I decided to collect tennis balls by rolling them up a ramp into storage. I then started prototyping geometry in Onshape. I repurposed old FTC parts from my school team for the frame, motors, and compression wheels. I added TPU armor (blue) to absorb impacts. The caps on each side of the intake (also TPU, in white) were suggested by my physics teacher Mr. Bennett. I printed gears and structural elements out of PLA (purple). The top plates are for holding and protecting electronics, and I machined them out of acrylic. Four batteries are stored on the side of the chassis. My design is capable of picking up multiple balls at once and storing roughly 80 at a time.
~December 2024 to January 2025
3. TenniBear Ball Intake Testing
After a few iterations of intake geometry, this one performed consistently. It’s a bit shaky because I didn’t yet have aluminum D-shafts capable of stretching across the whole intake (hence the blue shaft couplers). I later greased the gears to reduce friction and noise. I frequently resorted to stuffing blankets under my door at night to prevent the sound of drilling and testing from waking my parents.
~January 2025
4. TenniBear Electronics: Main Power Distribution Board

Instead of buying individual power distribution modules, I decided to design my own singular board to supply all peripheral electronics of TenniBear.

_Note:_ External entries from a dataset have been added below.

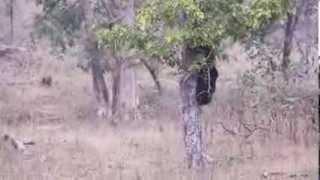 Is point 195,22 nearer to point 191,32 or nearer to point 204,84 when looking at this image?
point 191,32

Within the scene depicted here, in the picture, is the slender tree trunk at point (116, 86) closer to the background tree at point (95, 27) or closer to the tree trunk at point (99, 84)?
the background tree at point (95, 27)

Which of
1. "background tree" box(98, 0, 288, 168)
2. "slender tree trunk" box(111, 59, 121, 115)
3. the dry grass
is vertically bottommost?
the dry grass

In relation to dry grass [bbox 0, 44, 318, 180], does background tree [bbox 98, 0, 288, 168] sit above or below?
above

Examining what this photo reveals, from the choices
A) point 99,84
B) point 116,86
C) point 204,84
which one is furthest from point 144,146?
point 99,84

I used a switching voltage regulator to produce 5V (from 12V), and linear regulators to get 9V and 3.3V. I added a current sensor IC connected to an ESP32 module to monitor power consumption in case of overcurrent. I also modified a ring oscillator to light two RGB LEDs (a circuit I saw online and was fascinated by). I made sure to place lots of terminal connections and large decoupling capacitors. The board was initially meant to be a Raspberry Pi hat, but I ended up just connecting the pins manually because of height constraints. Designed on 6 layers in KiCad, roughly 200x200mm.
~January 2025 to February 2025
5. TenniBear Electronics: H-Bridge Motor Driver, Voltmeter, RGB Fan Driver

These are more boards I designed for TenniBear. I wanted to be able to monitor the status of the 4 LiPo batteries used, so I created a voltmeter (top board) using resistive dividers and a comparator to indicate if a battery drops below 12V (12.6V nominal). Below the voltmeter is a bidirectional DC motor driver for the intake motors (separate from the drive motors, which I used Pololu drivers for). Bottom left is a ESP32 microcontroller board I designed for my school’s Electronics Club, and repurposed to drive the RGB lights of the two cooling fans. They all performed well, and were powered by the main distribution board.
~February 2025
6. TenniBear Wiring + Coding

I made sure to create a communal ground between the batteries, and used high-gauge wire wherever possible. Connecting and soldering all of the electronics took a few weeks of datasheet-checking and planning. I short-circuited a few linear regulators in the process, but replaced them relatively easily.One challenge was the remote communication protocol: trying to get my drone radio transmitter (which I also use for Combat Robotics) to communicate with the Raspberry Pi was difficult, mainly because the Pi cannot read PWM signals. I improvised by using a Nano to read them, which then communicated with the Pi over serial. I wrote around 30 lines of Python for the Pi to unlock omnidirectional movement capabilities for the Mecanum drivebase (assisted by FTC guides and the Pololu driver Python library).
~February to March 2025
7. TenniBear Testing + Troubleshooting



Before bringing TenniBear to practice for the first time, I ran tests at my local courts with teammates. We discovered that the metal caster wheels I’d designed to support the intake easily wore down, and so I replaced them with rubber caster wheels. The second line of intake wheels didn’t get as much grip on the balls as I would’ve liked, so I printed ridged TPU tracks and wrapped them around the wheels. Both fixes worked like a charm. One improvement I would like to make before next season is adding metal hubs to the intake gear-motor connection, as the 3D printed hubs sometimes slip. A useful addition would be making TenniBear autonomous: I hope to learn computer vision and pathfinding in the future.